Thousands of protesters took to the streets burning cars, looting stores, and setting up roadblocks in the streets.However, not all protests were violent. Most of the protesters nationwide are peaceful. Reports of injuries to both the police and protesters taking part in the protests have come out. Nicknamed for their safety vests, protestors known as gilet jaunes, the yellow vest movement, have created a political crisis for the French Government.

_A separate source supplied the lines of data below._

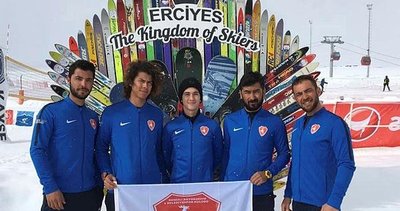 Snowkite Dünya Kupası'nda 4. etap tamamlandı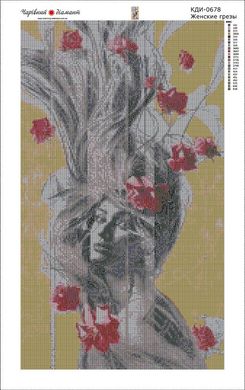 Купить Алмазная мозаика с полной закладкой полотна Женские грезы худ. Manuel-Nunez  в Украине
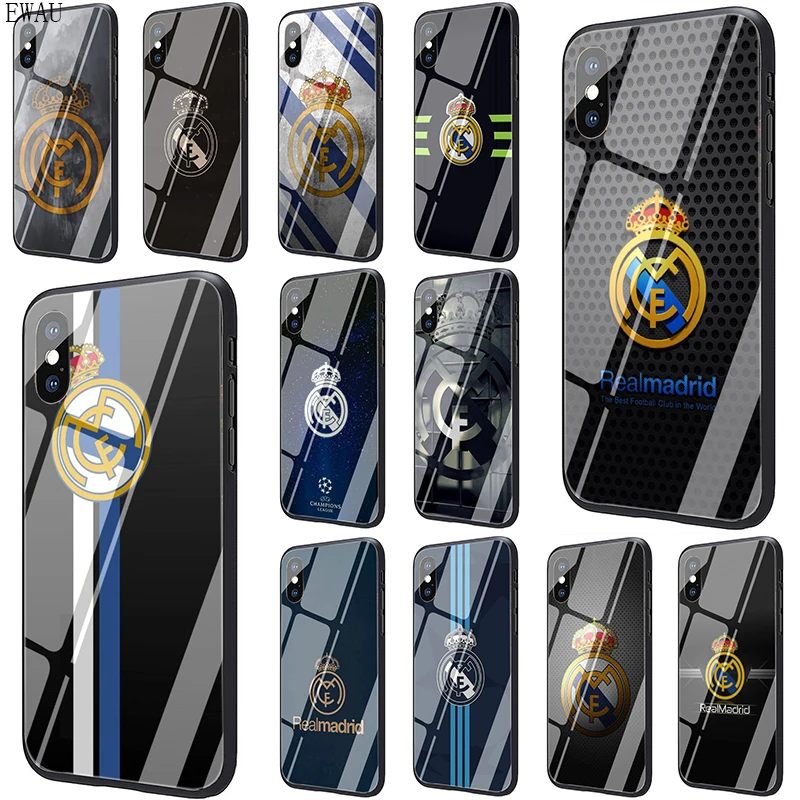 Чехол для телефона из закаленного стекла iphone 5 5s SE 2020 6 6s 7 8 Plus x XR XS 11 pro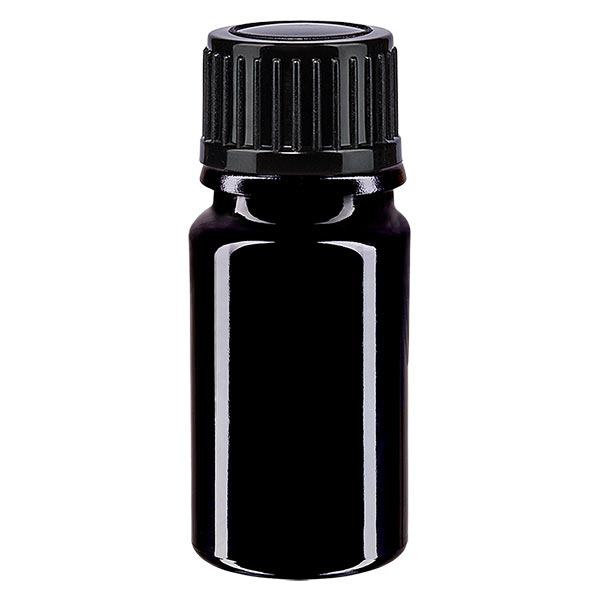 Flacone farmacia viol. 5ml contagocce vol. 1mm nero St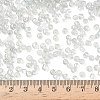 Transparent Rainbow Colours Round Glass Seed Beads X-SEED-A007-4mm-161-4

The protests have arisen from the recent increase in gas tax prices as a part of the government’s carbon tax reduction policy made to improve its environmental standings. In December of 2015 nearly every country in the world – 195 total – agreed on the first global pact aimed to reduce greenhouse gases. The idea behind the Paris Climate Accord was that every country would set goals to help reduce the amount of carbon emissions in order to slow climate change. The public’s resentment over these tax increases has escalated into these protests. Most of the protesters nationwide are peaceful. These mostly peaceful protests aren’t only concentrated in Paris; they can be found all over France in Nice, Marseilles, Lyon, Reims, and more as the movement continues to grow

The protests were originally thought to consist of the working class only, due to the distribution of wealth in France. This tax would disproportionately impact the middle and lower classes. However, the protests have since transformed into widespread discontent over Macron’s presidency as a whole, the high prices of living in France, and high unemployment rates. A protest that had started online morphed into a physical and violent movement. After several weeks of fairly contained protests, full scale riots erupted on Saturday, Dec. 1. The violence led to police deploying tear gas and water cannons against the protesters, and a reported 133 people were injured and 412 were arrested.

Macron has ordered his prime ministers to speak with leaders of this “yellow vest” movement, and the French government has decided they won’t implement the gas tax yet which is huge victory for the gilets jaunes. However, due to his high unpopularity rating and France’s high unemployment rate, experts say that the future is uncertain for Macron.

These French protests have inspired copycat protests in Belgium as well, raising the question on whether more of Europe will get involved. The movement is fairly apolitical, crossing over party lines and classes. The majority of the “yellow jacket” protesters are non-violent, but even still this increased pressure on the government might increase chances of the government reconsidering its policies.

As well as the protests, dozens of students in the Paris suburbs of Mantes- la-Jolie were forced to kneel on the ground outside their school on Thursday amid the unrest that has spread to schools as well. Students have begun protesting at almost 300 schools against strict university entrance requirements, and have added to the general unrest. Paris now prepares for another week of gilet jaunes protests.